Перед моим носом появились мамины ноги, и сверкнула серебристая миска, наполненная какой-то непонятной коричневой массой. Пахла она довольно заманчиво, но выглядела отвратительно. В приюте нам всегда давали только сухой корм, который выглядел очень даже ничего, но по консистенции и по вкусу напоминал рыхлые камни, долго пролежавшие в стойле — допустим, баранов. Со временем, как известно, привыкаешь ко всему, но я съедала этой гадости ровно столько, сколько было нужно, чтобы не умереть с голоду.
Запах, доносившийся до меня из миски, отдаленно напоминал запах мяса, и мне очень захотелось броситься на кучку и уничтожить ее за считаные секунды, но… Но снова во мне сработал какой-то тормоз, и я только жалостно покосилась на маму.
— Что же мне с вами делать, — послышался измученный голос мамы, и я почувствовала сгусток грусти и напряженности, всегда сопровождающий человеческие слезы. Он быстро разрастался и надувался и начал давить на меня, как грозовая туча.

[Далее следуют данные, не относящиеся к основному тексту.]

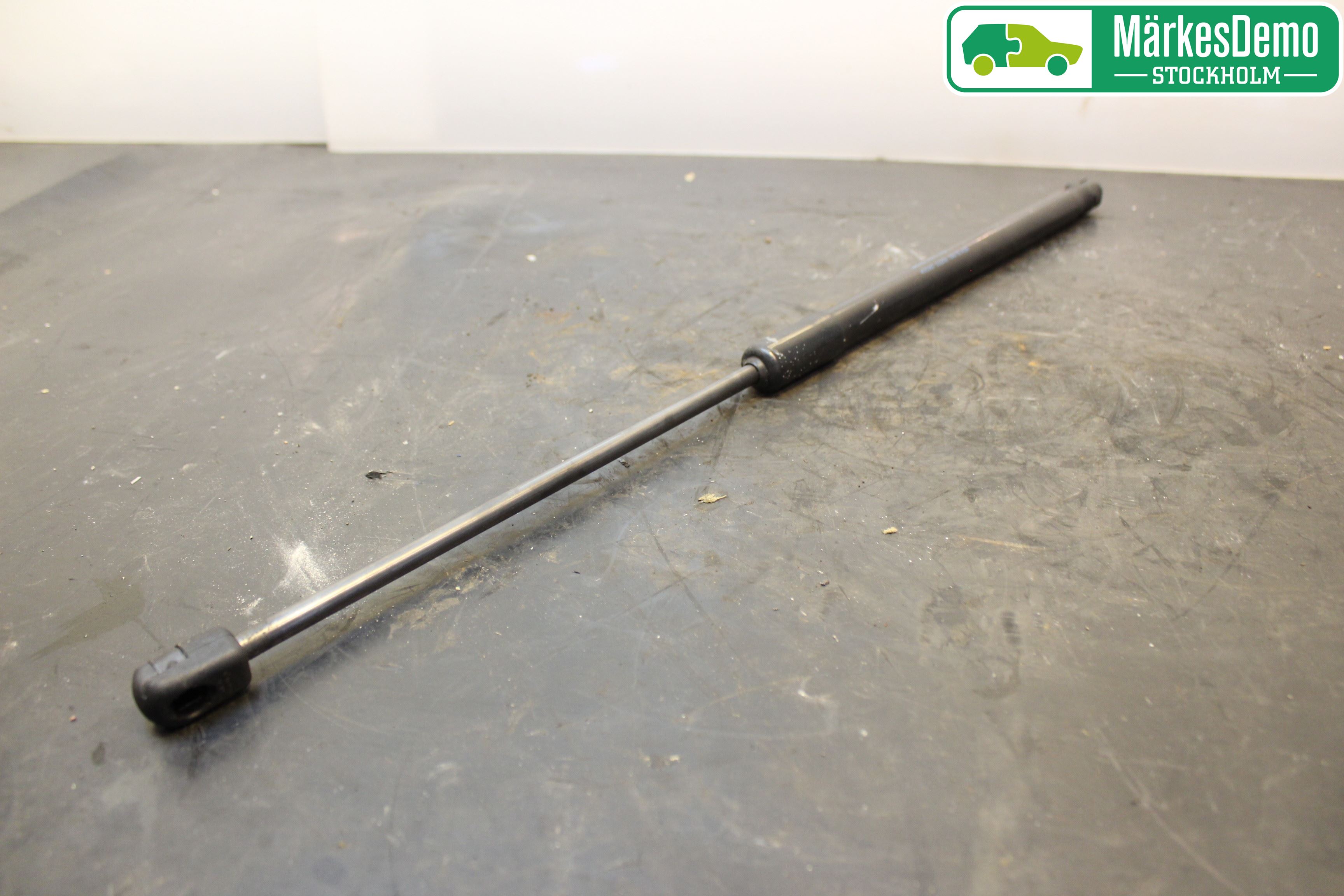 Volkswagen VW POLO 10-17 Gasfjäder Baklucka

Вот сейчас она горько пожалеет, что вообще когда-то выразила желание завести парочку приютских псинок. Будет вспоминать свой доселе налаженный быт и в какой-то момент с неимоверными угрызениями совести, но все же решит сдать нас снова обратно, откуда взяла (вернее, взял папа, но не в этом суть). Или нет, наверное, не решит… Это пойдет против всех ее самых твердых жизненных принципов. Но будет сидеть и считать, сколько нам еще осталось на этом свете (а оставалось еще прилично, если не брать в расчет всякие страшные непредвиденные случаи), и думать, что после того, как слезно закопает нас в саду, никогда больше не взгромоздит себе на голову дополнительные, не особо нужные хлопоты. Это было, наверное, даже страшнее, чем первый вариант. Я оцепенела.

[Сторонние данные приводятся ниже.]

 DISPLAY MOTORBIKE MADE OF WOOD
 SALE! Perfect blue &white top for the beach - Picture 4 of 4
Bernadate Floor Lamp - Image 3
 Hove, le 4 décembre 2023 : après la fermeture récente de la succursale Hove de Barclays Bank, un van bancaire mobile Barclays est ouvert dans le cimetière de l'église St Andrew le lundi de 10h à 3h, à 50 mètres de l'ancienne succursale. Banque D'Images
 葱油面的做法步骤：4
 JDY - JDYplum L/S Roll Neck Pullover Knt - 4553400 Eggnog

Как будто прочитав мои мысли, мама погладила меня между ушей и тихо проговорила:
— Ничего, справимся как-нибудь.
Поставила миску на пол, встала и ушла в большую комнату, в которой папа все еще не мог оторваться от своего кресла. Я его прекрасно понимала. Теперь, когда на улице стемнело, торшер освещал комнату неярким желтым светом, от которого исходил такой уют, что в нем хотелось купаться. Дети уже удалились куда-то на второй этаж, и только изредка их босые ноги появлялись перед нами на ступеньках, а их улыбающиеся головы свешивались к нам, только чтобы сразу с визгом убежать снова наверх. Каждый раз то мама, то папа прикрикивали им вдогонку, что кому-то уже давным-давно пора спать, но так ни разу и не удосужились встать с дивана (или с кресла в папином случае) и пойти их уложить. Чудесным образом в какой-то момент детские крики и топот действительно затихли сами собой, что могло означать только одно. Успех родительского ленивого невмешательства. Мама с папой продолжали что-то урчать в большой комнате.
Я немного расслабилась. В отличие от сеструхи, за психическое здоровье которой я уже начала немного переживать. Нехотя я вспомнила приют. Там было плохо, бесспорно плохо, и холодно, и голодно, но мы вопреки нашему желанию успели привыкнуть к той жизни. Пусть она была тюремной, но там все было четко и предельно понятно. В одно и то же время корм, в одно и то же время визит поникшего доктора, редкие волонтерские выгулы, полная свобода. Вы спросите, в чем же тут свобода? Свобода вести себя как приспичит. Хоть ты вой всю ночь напролет, от приюта никто не ожидает спокойствия и тишины. Делай свои дела, когда и куда хочешь, все равно с утра уберут. Хочешь, реагируй на реплики работников и посетителей, хочешь, не реагируй. Тогда они просто недолго задержатся у твоего вольера, но что тебе с этого? Хочешь спокойствия, ляг себе на подушку и лежи, никто тебя не будет трогать. Строгий распорядок, ни ласки, ни любви, ни тепла, но полная свобода и легкость от нахождения на самом дне. Хуже быть не может, с тебя нечего взять, ты изгой общества, если так угодно, поэтому веди себя уж как хочешь. Ни за что в жизни я бы не подумала о том, что где-то в далеком уголке моего сердца может затаиться тоска по месту, которое привычно рассматривалось как ад.